EXERCISE PROMPT ▸
Take every line containing "home" out of the records.

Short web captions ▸
----

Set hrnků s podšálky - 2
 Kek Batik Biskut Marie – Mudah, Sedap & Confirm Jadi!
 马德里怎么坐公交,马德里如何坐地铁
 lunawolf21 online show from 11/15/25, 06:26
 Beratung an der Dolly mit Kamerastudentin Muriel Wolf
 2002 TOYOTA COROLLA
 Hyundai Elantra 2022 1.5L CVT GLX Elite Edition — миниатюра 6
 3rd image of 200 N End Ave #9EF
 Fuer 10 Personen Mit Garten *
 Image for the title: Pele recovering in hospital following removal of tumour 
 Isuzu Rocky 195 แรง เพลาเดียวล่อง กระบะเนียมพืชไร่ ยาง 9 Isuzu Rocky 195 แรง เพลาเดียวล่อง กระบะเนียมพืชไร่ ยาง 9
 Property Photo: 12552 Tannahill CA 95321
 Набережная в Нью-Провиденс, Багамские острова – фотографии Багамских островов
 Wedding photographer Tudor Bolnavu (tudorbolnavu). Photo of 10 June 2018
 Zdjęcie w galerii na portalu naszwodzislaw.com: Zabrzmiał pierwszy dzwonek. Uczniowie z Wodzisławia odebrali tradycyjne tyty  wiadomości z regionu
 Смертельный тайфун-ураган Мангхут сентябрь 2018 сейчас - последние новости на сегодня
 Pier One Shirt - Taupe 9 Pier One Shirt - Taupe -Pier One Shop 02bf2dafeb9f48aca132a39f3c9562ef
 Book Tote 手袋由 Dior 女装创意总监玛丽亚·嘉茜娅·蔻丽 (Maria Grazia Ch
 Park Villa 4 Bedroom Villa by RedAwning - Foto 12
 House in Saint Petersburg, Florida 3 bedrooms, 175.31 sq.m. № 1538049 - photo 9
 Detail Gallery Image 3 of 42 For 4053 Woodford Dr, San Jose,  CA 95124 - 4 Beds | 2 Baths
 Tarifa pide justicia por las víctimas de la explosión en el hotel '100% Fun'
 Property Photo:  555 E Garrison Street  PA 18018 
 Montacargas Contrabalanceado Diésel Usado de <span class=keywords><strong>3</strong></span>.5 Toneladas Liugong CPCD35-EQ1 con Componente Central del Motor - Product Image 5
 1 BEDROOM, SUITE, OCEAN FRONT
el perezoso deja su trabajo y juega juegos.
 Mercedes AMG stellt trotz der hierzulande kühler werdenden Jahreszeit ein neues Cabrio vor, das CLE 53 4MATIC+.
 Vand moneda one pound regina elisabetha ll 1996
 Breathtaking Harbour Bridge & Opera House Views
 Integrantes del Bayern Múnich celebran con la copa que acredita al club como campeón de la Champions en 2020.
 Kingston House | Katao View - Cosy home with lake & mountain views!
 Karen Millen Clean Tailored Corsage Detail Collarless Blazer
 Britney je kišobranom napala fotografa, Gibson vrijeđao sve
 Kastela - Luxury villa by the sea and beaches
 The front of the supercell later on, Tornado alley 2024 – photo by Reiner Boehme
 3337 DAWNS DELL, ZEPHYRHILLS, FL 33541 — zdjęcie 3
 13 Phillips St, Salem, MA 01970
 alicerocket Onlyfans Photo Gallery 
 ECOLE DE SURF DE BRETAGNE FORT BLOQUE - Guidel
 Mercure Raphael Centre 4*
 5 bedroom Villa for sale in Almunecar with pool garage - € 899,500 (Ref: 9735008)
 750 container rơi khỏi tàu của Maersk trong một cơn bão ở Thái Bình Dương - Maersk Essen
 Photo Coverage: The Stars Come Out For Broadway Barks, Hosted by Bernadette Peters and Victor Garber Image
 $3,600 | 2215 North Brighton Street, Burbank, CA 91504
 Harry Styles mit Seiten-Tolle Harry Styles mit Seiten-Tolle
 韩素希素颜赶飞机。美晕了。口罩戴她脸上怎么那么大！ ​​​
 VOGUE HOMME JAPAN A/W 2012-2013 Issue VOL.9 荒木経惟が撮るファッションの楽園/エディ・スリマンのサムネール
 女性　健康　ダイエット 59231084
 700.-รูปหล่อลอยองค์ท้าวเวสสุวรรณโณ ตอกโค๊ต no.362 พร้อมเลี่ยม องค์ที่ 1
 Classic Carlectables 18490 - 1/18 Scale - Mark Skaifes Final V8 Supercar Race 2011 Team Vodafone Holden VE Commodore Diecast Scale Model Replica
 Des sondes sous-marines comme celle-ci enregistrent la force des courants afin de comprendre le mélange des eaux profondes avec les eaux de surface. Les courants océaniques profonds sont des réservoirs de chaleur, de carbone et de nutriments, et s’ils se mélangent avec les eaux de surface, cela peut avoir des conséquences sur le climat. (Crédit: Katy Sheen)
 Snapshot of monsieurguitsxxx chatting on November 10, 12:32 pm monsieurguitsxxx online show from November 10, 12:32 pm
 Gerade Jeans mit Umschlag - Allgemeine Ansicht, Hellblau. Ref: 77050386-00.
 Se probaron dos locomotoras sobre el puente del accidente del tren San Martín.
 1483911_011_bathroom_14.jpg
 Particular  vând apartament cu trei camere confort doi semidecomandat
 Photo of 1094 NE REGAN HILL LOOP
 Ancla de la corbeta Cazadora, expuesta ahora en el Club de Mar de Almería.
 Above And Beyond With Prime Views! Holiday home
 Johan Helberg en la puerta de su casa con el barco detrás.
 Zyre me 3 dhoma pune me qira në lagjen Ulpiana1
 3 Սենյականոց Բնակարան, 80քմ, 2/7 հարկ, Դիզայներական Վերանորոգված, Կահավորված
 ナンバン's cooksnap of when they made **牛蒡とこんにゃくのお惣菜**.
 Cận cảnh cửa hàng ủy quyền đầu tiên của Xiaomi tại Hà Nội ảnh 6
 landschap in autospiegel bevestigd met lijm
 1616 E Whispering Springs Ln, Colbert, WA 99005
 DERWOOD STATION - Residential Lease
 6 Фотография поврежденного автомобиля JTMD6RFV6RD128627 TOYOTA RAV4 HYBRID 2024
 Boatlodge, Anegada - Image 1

----

SOLVED PROBLEM ▸
 Kingston House | Katao View - Cosy home with lake & mountain views!
 Above And Beyond With Prime Views! Holiday home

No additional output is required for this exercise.